The number of elderly people in Ireland claiming State pensions has risen by two-thirds in 20 years, according to the Department of Social Protection.
Illness, disability and carers’ payments have also increased significantly, while our relatively-high birthrate compared to other European countries had resulted in a 40 per cent increase in children’s payments.
The department published its annual report this week, with a foreword from former minister for social protection and now Taoiseach, Leo Varadkar.
The report also contains an introduction from secretary general Niamh O’Donoghue, who is retiring and who will be replaced this week by John McKeon.
In the foreword, Mr Varadkar says a top priority for the Government in the next few years is “to remain prudent in its approach to public spending and ensure we do not repeat the mistakes of the past, providing for modest and sustainable increases in incomes and improving public services and infrastructure”.
Publishing the report, Minister for Employment and Social Protection Regina Doherty acknowledged the role of her predecessor Mr Varadkar, “in providing enhanced supports to jobseekers seeking to get back to work during his tenure”.
“Through the wide range of services it provides, the Department of Social Protection impacts on the lives of almost every citizen in the State in the course of their life – from child benefit to the State pension and every possible life stage in between – maternity, paternity, illness, unemployment and redundancy,” Ms Doherty said.

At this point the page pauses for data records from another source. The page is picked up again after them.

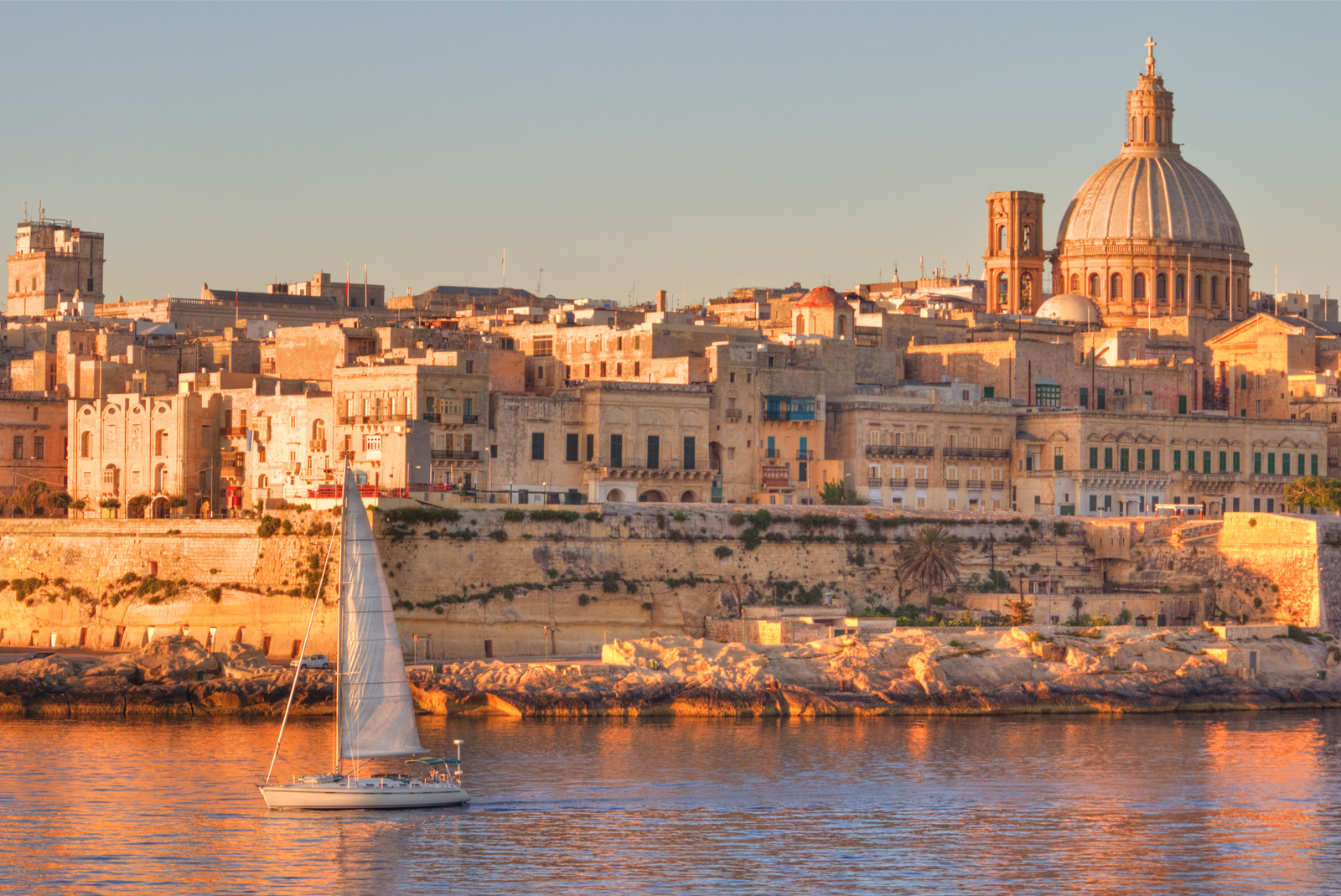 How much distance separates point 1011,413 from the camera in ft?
226

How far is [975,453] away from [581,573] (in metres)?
16.5

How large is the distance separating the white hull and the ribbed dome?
63556 millimetres

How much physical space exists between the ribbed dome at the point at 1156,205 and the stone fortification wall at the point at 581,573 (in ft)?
119

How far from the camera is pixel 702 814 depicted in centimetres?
3747

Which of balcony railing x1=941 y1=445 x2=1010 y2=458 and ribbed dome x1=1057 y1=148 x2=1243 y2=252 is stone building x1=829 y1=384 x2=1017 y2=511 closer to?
balcony railing x1=941 y1=445 x2=1010 y2=458

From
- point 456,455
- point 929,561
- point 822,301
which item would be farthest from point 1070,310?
point 456,455

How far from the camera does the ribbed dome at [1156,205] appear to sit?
9531 centimetres

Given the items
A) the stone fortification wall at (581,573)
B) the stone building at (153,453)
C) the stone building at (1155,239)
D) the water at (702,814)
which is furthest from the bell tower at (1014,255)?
the water at (702,814)

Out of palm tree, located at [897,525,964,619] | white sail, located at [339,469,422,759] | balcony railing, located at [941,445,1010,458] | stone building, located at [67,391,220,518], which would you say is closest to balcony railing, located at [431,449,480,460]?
stone building, located at [67,391,220,518]

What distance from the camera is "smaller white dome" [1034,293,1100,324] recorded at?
89438mm

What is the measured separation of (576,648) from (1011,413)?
19577 millimetres

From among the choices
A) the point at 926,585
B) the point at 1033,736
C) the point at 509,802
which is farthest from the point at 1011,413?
the point at 509,802

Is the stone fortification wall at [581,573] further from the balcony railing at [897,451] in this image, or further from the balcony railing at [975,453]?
the balcony railing at [975,453]

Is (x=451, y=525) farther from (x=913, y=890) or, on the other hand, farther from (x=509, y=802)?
(x=913, y=890) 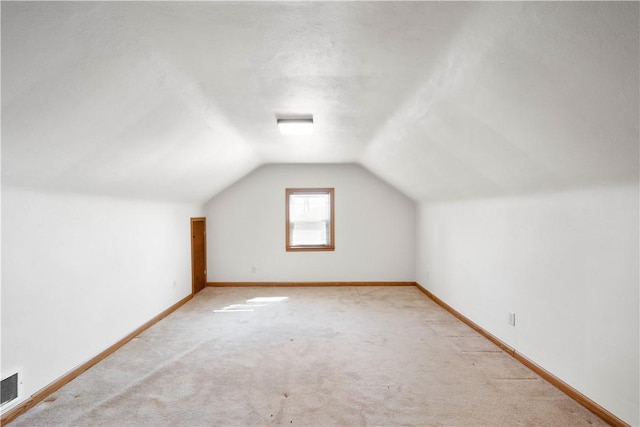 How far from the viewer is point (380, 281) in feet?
21.9

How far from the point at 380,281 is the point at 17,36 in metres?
6.14

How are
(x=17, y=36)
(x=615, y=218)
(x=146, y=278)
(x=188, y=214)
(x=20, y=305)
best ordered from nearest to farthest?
(x=17, y=36)
(x=615, y=218)
(x=20, y=305)
(x=146, y=278)
(x=188, y=214)

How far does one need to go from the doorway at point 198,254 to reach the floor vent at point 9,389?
3490mm

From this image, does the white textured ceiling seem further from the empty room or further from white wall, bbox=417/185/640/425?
white wall, bbox=417/185/640/425

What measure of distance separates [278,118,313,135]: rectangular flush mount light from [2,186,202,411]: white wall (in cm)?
201

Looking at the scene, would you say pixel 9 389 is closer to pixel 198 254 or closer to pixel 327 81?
pixel 327 81

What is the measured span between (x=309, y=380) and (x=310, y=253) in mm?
3783

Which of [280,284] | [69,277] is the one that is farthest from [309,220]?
[69,277]

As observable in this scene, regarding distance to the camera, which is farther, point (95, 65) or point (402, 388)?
point (402, 388)

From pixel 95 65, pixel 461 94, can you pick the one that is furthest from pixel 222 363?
pixel 461 94

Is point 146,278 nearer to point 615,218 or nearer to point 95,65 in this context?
point 95,65

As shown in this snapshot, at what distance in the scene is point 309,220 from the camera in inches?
267

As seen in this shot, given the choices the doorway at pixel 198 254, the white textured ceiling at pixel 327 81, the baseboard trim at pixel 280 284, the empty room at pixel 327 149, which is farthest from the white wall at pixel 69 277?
the baseboard trim at pixel 280 284

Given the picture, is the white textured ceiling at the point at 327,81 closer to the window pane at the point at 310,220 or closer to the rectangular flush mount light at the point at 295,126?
the rectangular flush mount light at the point at 295,126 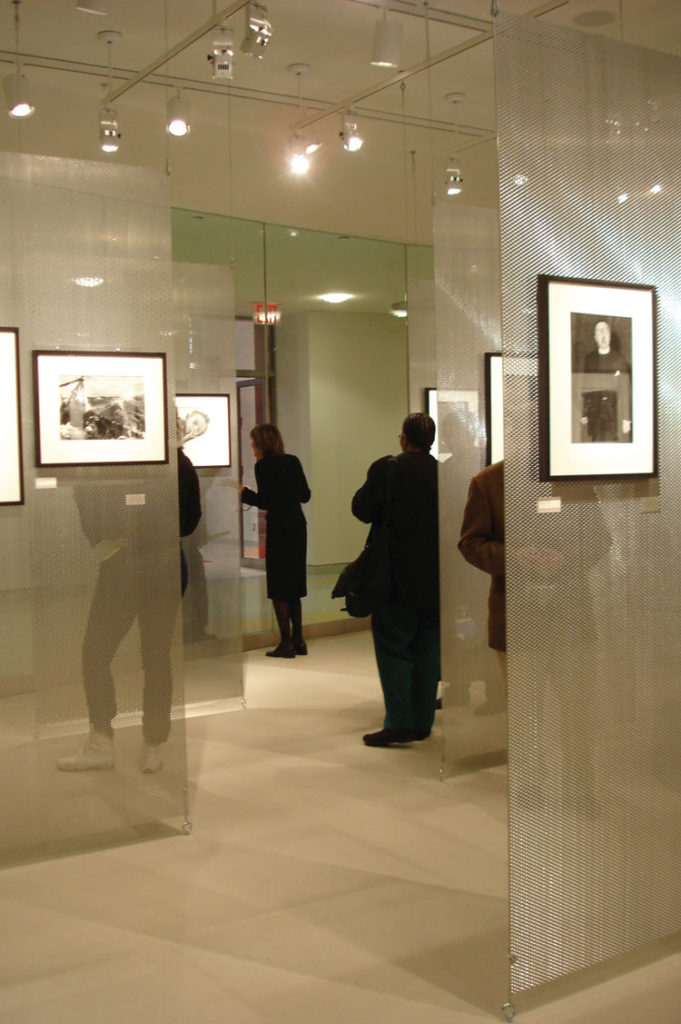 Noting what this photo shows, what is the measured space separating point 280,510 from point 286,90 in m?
3.02

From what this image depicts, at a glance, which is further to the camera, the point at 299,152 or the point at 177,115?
the point at 299,152

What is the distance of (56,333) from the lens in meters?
4.05

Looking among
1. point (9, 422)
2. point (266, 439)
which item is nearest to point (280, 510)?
point (266, 439)

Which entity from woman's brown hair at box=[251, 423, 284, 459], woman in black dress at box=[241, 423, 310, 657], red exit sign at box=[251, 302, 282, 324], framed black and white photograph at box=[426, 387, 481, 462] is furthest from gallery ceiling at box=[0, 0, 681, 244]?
woman in black dress at box=[241, 423, 310, 657]

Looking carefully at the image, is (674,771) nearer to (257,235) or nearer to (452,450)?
(452,450)

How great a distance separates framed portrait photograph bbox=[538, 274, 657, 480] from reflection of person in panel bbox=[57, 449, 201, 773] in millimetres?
1908

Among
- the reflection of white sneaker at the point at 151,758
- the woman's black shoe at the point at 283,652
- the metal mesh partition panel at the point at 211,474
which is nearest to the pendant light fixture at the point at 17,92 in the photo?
the metal mesh partition panel at the point at 211,474

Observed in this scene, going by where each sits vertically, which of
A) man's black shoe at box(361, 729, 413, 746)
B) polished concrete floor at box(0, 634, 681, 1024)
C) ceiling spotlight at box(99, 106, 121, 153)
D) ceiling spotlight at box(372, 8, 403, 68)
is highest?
ceiling spotlight at box(372, 8, 403, 68)

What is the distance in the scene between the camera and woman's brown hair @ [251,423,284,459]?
7910mm

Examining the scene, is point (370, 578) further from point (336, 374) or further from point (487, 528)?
point (336, 374)

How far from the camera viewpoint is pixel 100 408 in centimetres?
414

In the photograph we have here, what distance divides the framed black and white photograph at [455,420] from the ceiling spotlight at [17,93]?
9.76ft

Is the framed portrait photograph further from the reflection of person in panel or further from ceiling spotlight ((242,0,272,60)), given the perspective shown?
ceiling spotlight ((242,0,272,60))

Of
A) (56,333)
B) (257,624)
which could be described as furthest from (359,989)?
(257,624)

“The scale of the department’s work is considerable. Each week almost 1.4 million social welfare payments are made and, when qualified adults and children are included, around 2.1 million people benefit from these payments. In addition, some 623,000 families receive monthly child benefit payments in respect of almost 1.2 million children.”

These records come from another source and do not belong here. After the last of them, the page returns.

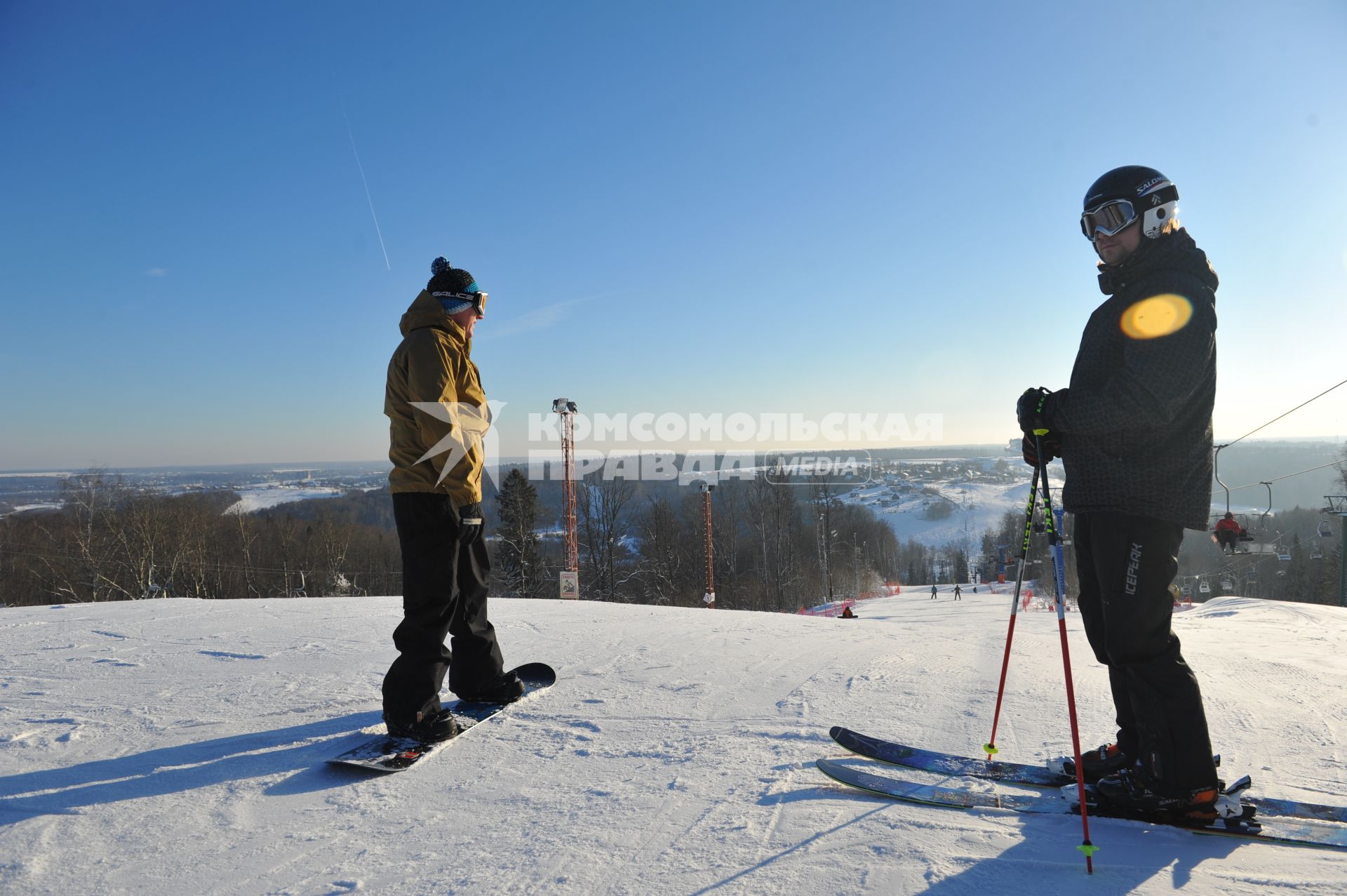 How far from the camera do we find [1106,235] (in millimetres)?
2234

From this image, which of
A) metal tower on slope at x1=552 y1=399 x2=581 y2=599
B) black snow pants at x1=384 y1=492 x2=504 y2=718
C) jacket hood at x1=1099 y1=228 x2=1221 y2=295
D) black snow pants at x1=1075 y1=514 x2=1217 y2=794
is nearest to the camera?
black snow pants at x1=1075 y1=514 x2=1217 y2=794

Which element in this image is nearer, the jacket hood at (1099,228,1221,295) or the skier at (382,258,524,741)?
the jacket hood at (1099,228,1221,295)

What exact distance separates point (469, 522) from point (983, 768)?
2.21 meters

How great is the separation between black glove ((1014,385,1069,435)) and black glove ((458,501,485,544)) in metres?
2.16

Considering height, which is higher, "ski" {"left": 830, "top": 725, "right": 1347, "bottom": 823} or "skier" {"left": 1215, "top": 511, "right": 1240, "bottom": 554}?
"ski" {"left": 830, "top": 725, "right": 1347, "bottom": 823}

The department had a budget of some €19.8 billion last year, operates over 70 separate schemes and has a staff of almost 6,500.

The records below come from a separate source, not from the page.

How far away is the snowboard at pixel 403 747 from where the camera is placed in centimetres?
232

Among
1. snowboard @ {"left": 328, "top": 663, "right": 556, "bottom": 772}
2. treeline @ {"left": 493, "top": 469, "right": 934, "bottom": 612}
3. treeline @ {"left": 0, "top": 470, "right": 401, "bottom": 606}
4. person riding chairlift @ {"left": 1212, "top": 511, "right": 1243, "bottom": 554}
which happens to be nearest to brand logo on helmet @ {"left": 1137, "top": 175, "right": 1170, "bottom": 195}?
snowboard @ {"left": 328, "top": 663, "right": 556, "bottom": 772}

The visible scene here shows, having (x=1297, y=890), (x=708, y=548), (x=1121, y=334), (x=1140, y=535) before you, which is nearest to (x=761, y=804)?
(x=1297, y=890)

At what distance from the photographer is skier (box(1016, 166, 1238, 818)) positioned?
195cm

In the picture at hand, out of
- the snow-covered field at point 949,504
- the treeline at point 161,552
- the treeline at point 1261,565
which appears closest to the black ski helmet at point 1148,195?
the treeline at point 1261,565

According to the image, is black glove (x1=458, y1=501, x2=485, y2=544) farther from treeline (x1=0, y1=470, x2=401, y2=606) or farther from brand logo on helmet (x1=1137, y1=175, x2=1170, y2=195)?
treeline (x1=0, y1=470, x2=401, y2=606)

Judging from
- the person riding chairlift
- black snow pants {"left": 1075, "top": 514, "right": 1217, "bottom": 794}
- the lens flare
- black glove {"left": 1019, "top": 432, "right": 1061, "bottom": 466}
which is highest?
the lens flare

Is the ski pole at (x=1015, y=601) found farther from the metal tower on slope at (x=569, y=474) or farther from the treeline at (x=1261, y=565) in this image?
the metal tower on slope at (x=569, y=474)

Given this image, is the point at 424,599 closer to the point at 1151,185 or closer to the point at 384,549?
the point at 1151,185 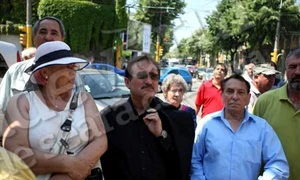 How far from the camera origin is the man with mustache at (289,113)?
9.26 feet

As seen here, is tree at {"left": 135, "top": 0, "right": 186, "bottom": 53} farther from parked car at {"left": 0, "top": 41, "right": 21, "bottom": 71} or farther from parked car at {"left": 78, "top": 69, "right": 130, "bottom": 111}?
parked car at {"left": 0, "top": 41, "right": 21, "bottom": 71}

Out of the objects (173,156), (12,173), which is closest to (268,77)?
(173,156)

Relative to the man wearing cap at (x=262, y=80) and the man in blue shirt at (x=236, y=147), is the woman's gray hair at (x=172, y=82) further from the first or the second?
the man wearing cap at (x=262, y=80)

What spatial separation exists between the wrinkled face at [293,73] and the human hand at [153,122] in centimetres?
122

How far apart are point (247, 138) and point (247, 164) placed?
0.60ft

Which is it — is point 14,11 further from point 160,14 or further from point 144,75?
point 144,75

According to the report, the department recovered over €82 million in monies overpaid to claimants last year. It recovered about €10.6 million in debts owed by employers who had made people redundant.
But it said up to 90 per cent of employer debt was unlikely to be recoverable as the vast majority of redundancy and insolvency payments were made because employers had become insolvent.
In 2016, an estimated €12.4 million was written off in employer debt.
Ms Doherty said while recent improvements in the performance of the economy had reduced the numbers in receipt of unemployment related income supports, wider demographic trends in Irish society meant the demands on the department’s services continued to grow.
She said the introduction of paternity leave was among the department’s achievements in 2016. Some 7,000 claims for the benefit were submitted between September 1st and the end of the year, and over 5,500 were awarded.
The department issued over 600,000 public services cards in 2016, bringing to 2.35 million the number issued by the end of 2016. The figure is now over 2.5 million.